When I do premarital counseling, one of my standard initial questions for the couple is, “When did you know he or she was the right one?” Couples often have fun disagreeing about who took the initiative in the relationship. One person will say, “I chose you.” Then the other will say, “That’s what I wanted you to think. But I really chose you.” Everyone laughs. It makes little difference on their wedding day who chose first. When it comes to a relationship with God, however, the paradox of divine sovereignty and human free will—does God choose first or do we?—creates an uncomfortable tension at the very center of Christian life.
Does my salvation depend on God’s sovereign choice of me (often called election) or my response to the gospel message (human free will)? Does God’s choice of me predetermine my choice for God? Or is my choice the main event, like choosing teams on the playground, with Jesus jumping up and down, shouting, “Pick me! Pick me!” How can two choices coexist without one dominating or determining the other?
History shows just how difficult it has been for both sides of this paradox to vibrate freely in tension with one another. After an exhaustive study of biblical literature, D. A. Carson concludes that this tension is indeed inescapable,
“except by moving so far from the biblical data that either the picture of God or the picture of man bears little resemblance to their portraits as assembled from the scriptural texts themselves.”

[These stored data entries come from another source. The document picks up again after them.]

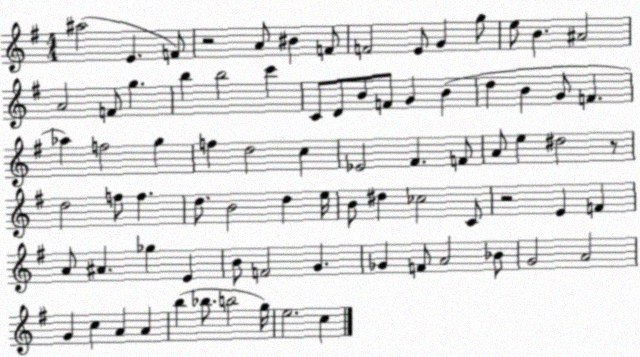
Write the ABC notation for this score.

X:1
T:Untitled
M:4/4
L:1/4
K:G
^a2 E F/2 z2 A/2 ^B F/2 F2 E/2 G g/2 e/2 B ^A2 A2 F/2 g b b2 c' C/2 D/2 B/2 F/2 G B d B G/2 F _a f2 g f d2 c _E2 ^F F/2 A/2 e ^d2 z/2 d2 f/2 f d/2 B2 d e/4 B/2 ^d _c2 C/2 z2 E F A/2 ^A _g E B/2 F2 G _G F/2 A2 _B/2 G2 A2 G c A A b _b/2 b2 g/4 e2 c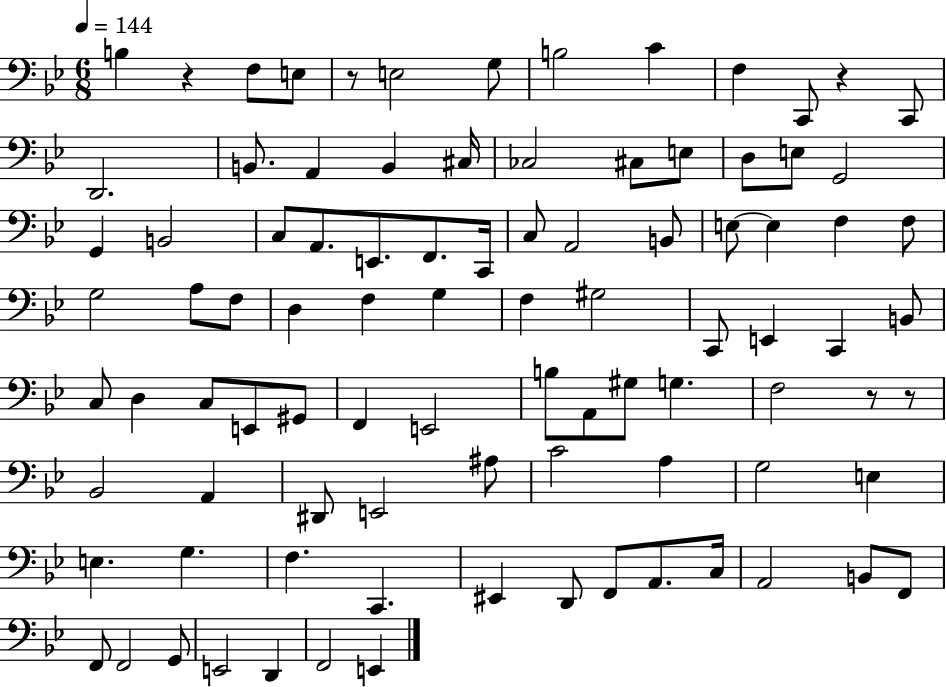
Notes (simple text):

B3/q R/q F3/e E3/e R/e E3/h G3/e B3/h C4/q F3/q C2/e R/q C2/e D2/h. B2/e. A2/q B2/q C#3/s CES3/h C#3/e E3/e D3/e E3/e G2/h G2/q B2/h C3/e A2/e. E2/e. F2/e. C2/s C3/e A2/h B2/e E3/e E3/q F3/q F3/e G3/h A3/e F3/e D3/q F3/q G3/q F3/q G#3/h C2/e E2/q C2/q B2/e C3/e D3/q C3/e E2/e G#2/e F2/q E2/h B3/e A2/e G#3/e G3/q. F3/h R/e R/e Bb2/h A2/q D#2/e E2/h A#3/e C4/h A3/q G3/h E3/q E3/q. G3/q. F3/q. C2/q. EIS2/q D2/e F2/e A2/e. C3/s A2/h B2/e F2/e F2/e F2/h G2/e E2/h D2/q F2/h E2/q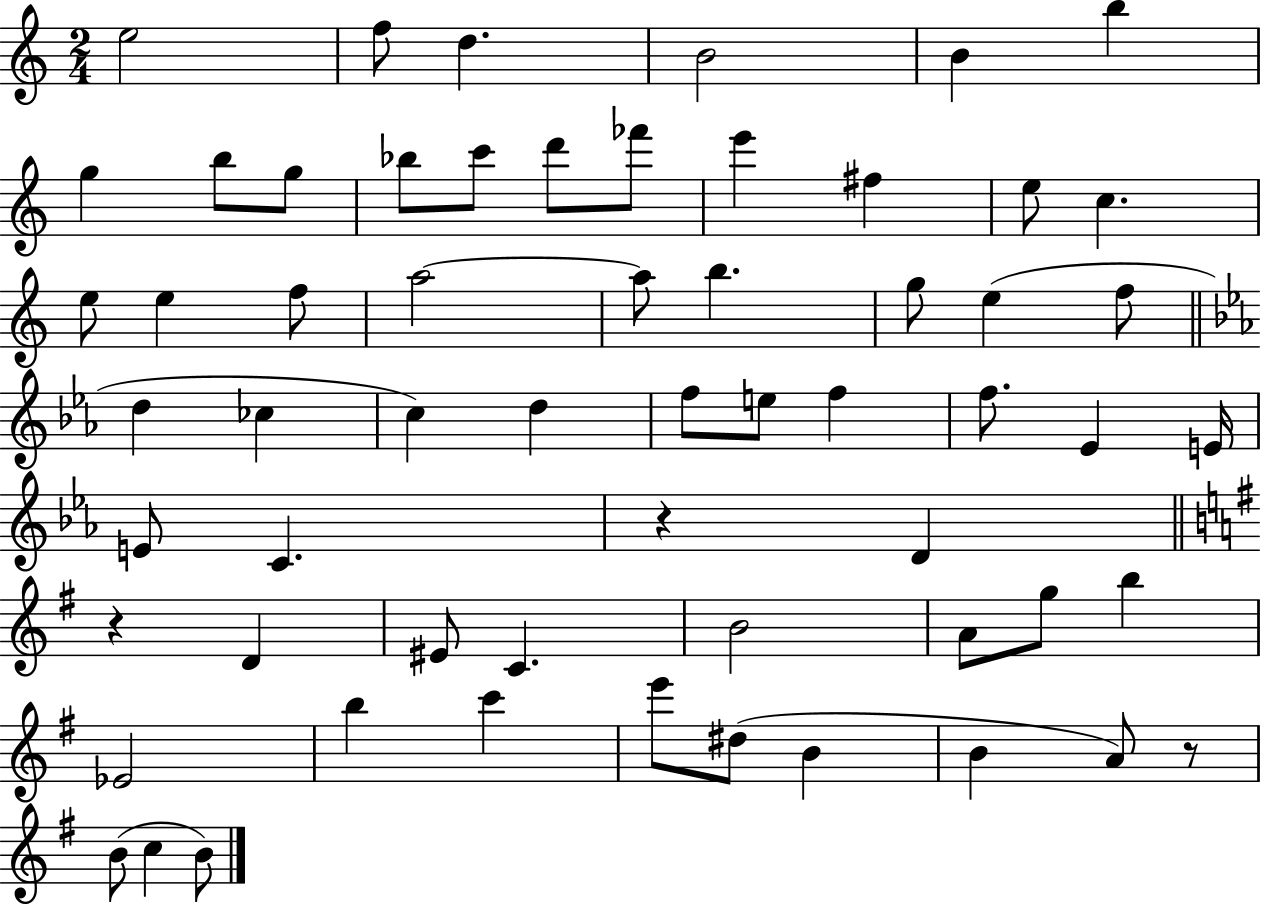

It is a crucial point. This paradox in particular is one where taking some biblical evidence to its logical conclusion violates other biblical evidence. Taking predestination to its logical conclusion, for example, seems to violate all we know about God’s love and justice. Taking human free will to its logical conclusion seems to violate the sovereignty of God.
As personal beings, we have some idea about what choosing means. God is a personal being who also chooses, yet God transcends our space/time existence, so we really have no idea what choosing means for God. Our Creator’s choices are not commensurate with the choices we creatures make; they aren’t even in the same ballpark. God’s way of choosing is itself a mystery to us! However, as soon as we speak about who chooses first (divine sovereignty versus human freedom, God’s intentions versus our intentions), we begin to treat God like any other creature.
As we look through this paradox, one arena of Christian life illuminated is God’s will and my will, the issue of guidance. Do I choose first—make my own plans and life decisions and then (perhaps as an afterthought) ask God to bless them? Or does God choose first—create a detailed plan for my life that I must discover and implement step by step in order to be happy and fulfilled? Are God’s will and my will mutually exclusive, or might they coexist?
Through this paradox, we might conclude that just as divine sovereignty can underlie human freedom without negating it, so God’s will can underlie my will. For example, if I totally surrender my will to God’s will and want nothing but God’s plans for my life, what happens when I discover God’s plans for me? I must reengage my will!
As some of us have experienced only too well, it often takes a stronger will to act on God’s marching orders. Thus we live paradoxically: throwing down our will at God’s feet, only to take it up again as soon as God calls us to do something. Without engaging our will, how can we do anything?
Question: Where have you experienced this paradox of God’s will vs. my will? Please share it in a comment.
I like discussing the “sticky” unsolvable controversies of Christian life with my friend Ann in Nashville, definitely a Mensa intellect, scholarly Bible teacher and a devoted follower of Jesus. She is probably my best friend in the world. We have also come to the point you make about ‘not going too far in one direction,’ because if we believe like (what we call) hyper-Calvinists that we’re saved solely by election, the conclusion would have to be that God made some people for hell. Since that cannot be the case, free will has to be part of the equation. Just from personal experience I know I sought God; on the other hand, He was wooing me – the ‘hound of heaven.’
In the 70s I knew many, many, many hyper-Calvinists and they confused me so I went to my pastor (as a new believer/Bible thumper as my former husband called me). He said many people who believe they were chosen, and then see their two natures warring with each other (a la Paul in Romans), begin to doubt their salvation. He steered me to Ephesians 2:8-9, “For by grace are you saved through faith, not by works, lest any man should boast.” Like you, he believed it’s not either/or but both. I like that too.